CFC – recours en annulation devant la Cour constitutionnelle rejeté : perspectives d’avenir pour les (sous-)holdings (passives vs. animatrices)

J’ai eu le plaisir de répondre à certaines questions de L’Echo à propos de l’arrêt rendu par la Cour constitutionnelle le 15 mai 2025, qui a rejeté le recours en annulation introduit contre la réforme du régime belge des sociétés contrôlées à l’étranger (CFC), issue de la loi-programme du 22 décembre 2023 (sur cet arrêt, voir également mon post précédent).

L’une des critiques centrales portait sur l’incompatibilité alléguée de la clause de sauvegarde — l’exception dite de substance — avec les libertés de circulation consacrées par le droit européen.

1. Pour une holding, même active, invoquer l’exception de substance est souvent illusoire

Lorsqu’une filiale est elle-même une société holding, invoquer l’exception de substance prévue par la loi belge devient extrêmement difficile — pour ne pas dire pratiquement impossible — même lorsque :

  • Les administrateurs se réunissent régulièrement au siège de la filiale pour y prendre des décisions stratégiques, et
  • La société dispose d’une infrastructure locale suffisante.

Seules certaines holdings dites “animatrices”, disposant d’un personnel spécialisé (profil financier, technique, etc.), pourraient encore bénéficier de cette exception.

→ Voir en ce sens la décision anticipée n° 2024.0442 du 9 juillet 2024, favorable à une filiale grecque animatrice.

2. Recours en annulation rejeté : absence d’intérêt à agir au moment de l’introduction

L’arrêt de la Cour constitutionnelle est décevant sur le fond, car la Cour ne statue pas sur la validité constitutionnelle du régime CFC en soi. Elle rejette le recours faute d’intérêt à agir de la partie requérante.

La Cour rappelle un principe de procédure essentiel :

L’intérêt à agir doit exister dès l’introduction du recours. Il ne peut être créé en cours de procédure.

Dans le cas d’espèce, la société requérante avait acquis une SCI française translucide postérieurement au dépôt de sa requête — ce qui a conduit au rejet pur et simple de celle-ci.

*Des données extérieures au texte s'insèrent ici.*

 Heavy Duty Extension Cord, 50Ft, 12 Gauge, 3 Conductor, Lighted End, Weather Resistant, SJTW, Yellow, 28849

3. Quelles perspectives pour contester la réforme ? Vers des questions préjudicielles à la CJUE ?

Il semble peu probable que le législateur belge revienne spontanément sur sa copie pour aligner l’exception de substance sur les exigences du droit européen.

Dès lors, seules les procédures judiciaires individuelles pourront encore permettre d’en contester l’application, en invoquant l’incompatibilité du régime CFC avec les libertés fondamentales de l’Union européenne.

Les contribuables concernés pourraient demander au juge fiscal de poser une question préjudicielle à la Cour de justice de l’Union européenne (CJUE), afin de faire contrôler la compatibilité du régime belge avec les articles du TFUE relatifs à la liberté d’établissement et à la libre circulation des capitaux.

Mais ce scénario suppose de s’engager dans un contentieux fiscal long, complexe et coûteux, avec une issue incertaine, ce qui n’est pas sans décourager nombre de sociétés belges confrontées à ces nouvelles règles.

Conclusion

L’arrêt du 15 mai 2025 ne clôt pas le débat juridique autour du régime CFC belge, mais en reporte le traitement vers les juridictions ordinaires et européennes.

Dans cette configuration, les holdings belges — et plus encore les sous-holdings passives — doivent redoubler de vigilance dans leur structuration, leur documentation et leur capacité à justifier une réelle substance économique pour éviter l’application de cette fiscalité extraterritoriale renforcée.